Parce qu'il frappe juste
Repris en poche, Après l'histoire s'impose aujourd'hui comme un des maîtres livres de langue française parus dans les dernières années du XX è siècle. Comment ce discours critique, résolument marginal à ses débuts, a-t-il réussi à s'ouvrir une route, loin des plateaux de télévision, du consentement des flics payés à la ligne et de la servitude généralisée ? Grâce à une fureur de grand style.

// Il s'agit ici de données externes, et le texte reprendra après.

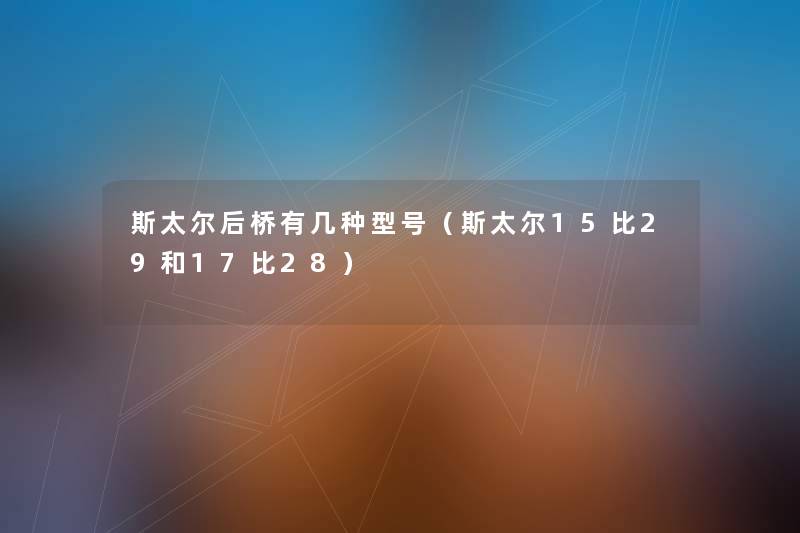 斯太尔后桥有几种型号(斯太尔15比29和17比28) 斯太尔后桥有几种型号(斯太尔15比29和17比28)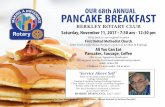 OUR 68th ANNUAL PANCAKE BREAKFAST · PANCAKE BREAKFAST Berkley rotary CluB Saturday, November 11, 2017 • 7:30 am - 12:30 pm We’re back to our original location First United Methodist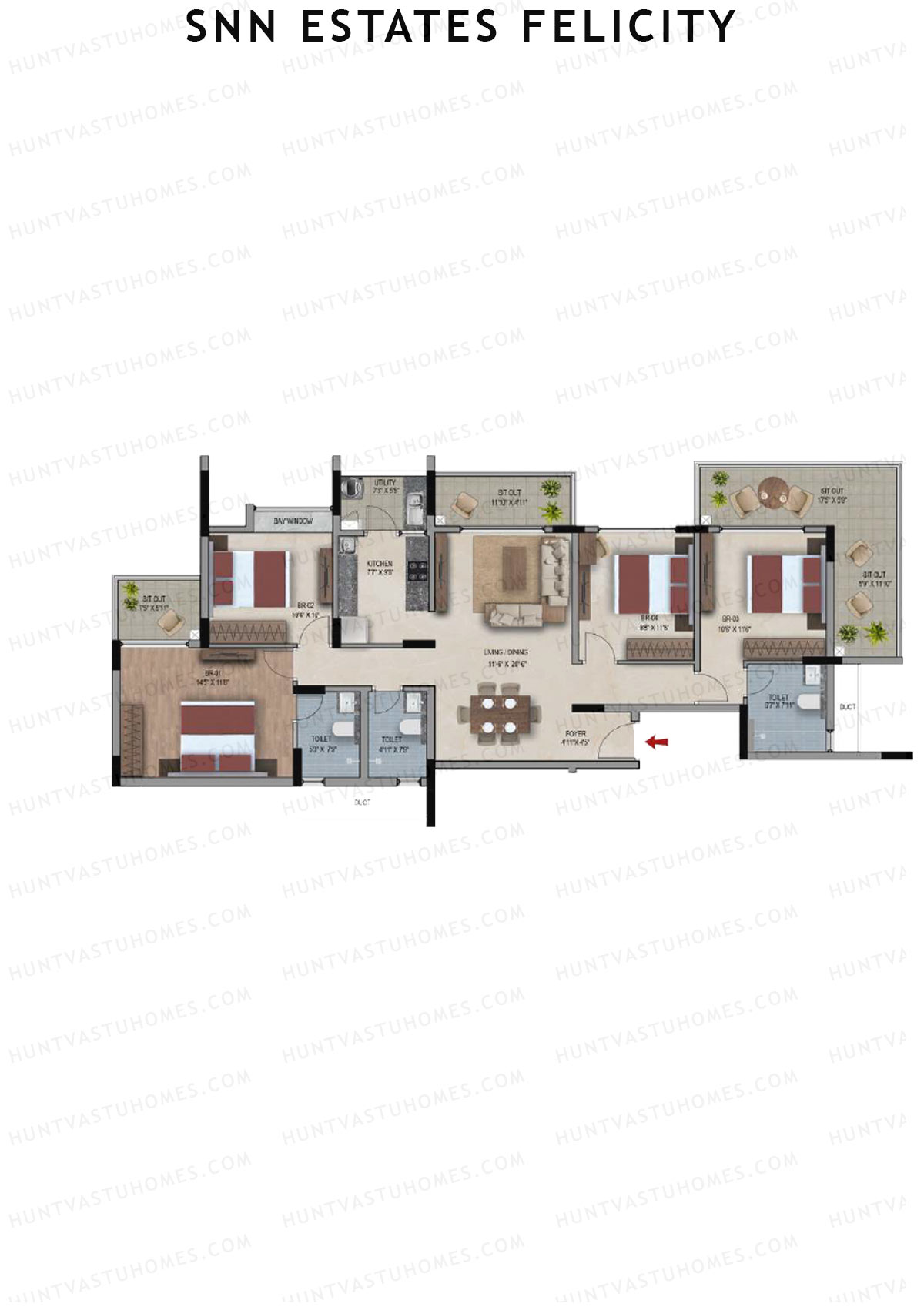 SNN Estates Felicity Tower 9 Unit 4 Floor Plan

Devenu l'accusateur d'un monde où partout le centre part à l'assaut de la périphérie, les élites se révoltent contre le peuple et la commande sociale règle les discours dissidents, Philippe Muray n'a pas reconcé un instant à l'ambition esthétique de ses jeunes années. Critique, son propos est resté lyrique. Ainsi sa charge joyeuse contre l'"Empire du Bien" est-elle cousue des digressions enragées, des néologismes féroces et des images irrésistibles qui distinguent l'écrivain des journalistes. Au coeur du champ de bataille, on retrouve sans cesse la figure burlesque d'Homo festivus, façon de consommateur-paneliste de toutes les aberrations de l'époque : la "festivisation généralisée", la "provocation en paquet-cadeau", la "subversion sous subvention", le "terrorrisme du coeur", la "bonne parole caoutchouteuse", etc. Il faut lire Muray comme on lit Swift ou Rabelais. Parce que c'est drôle, parce que c'est grand. Et qu'il frappe juste.
Sébastien Lapaque, Le Figaro, 21 juin 2007.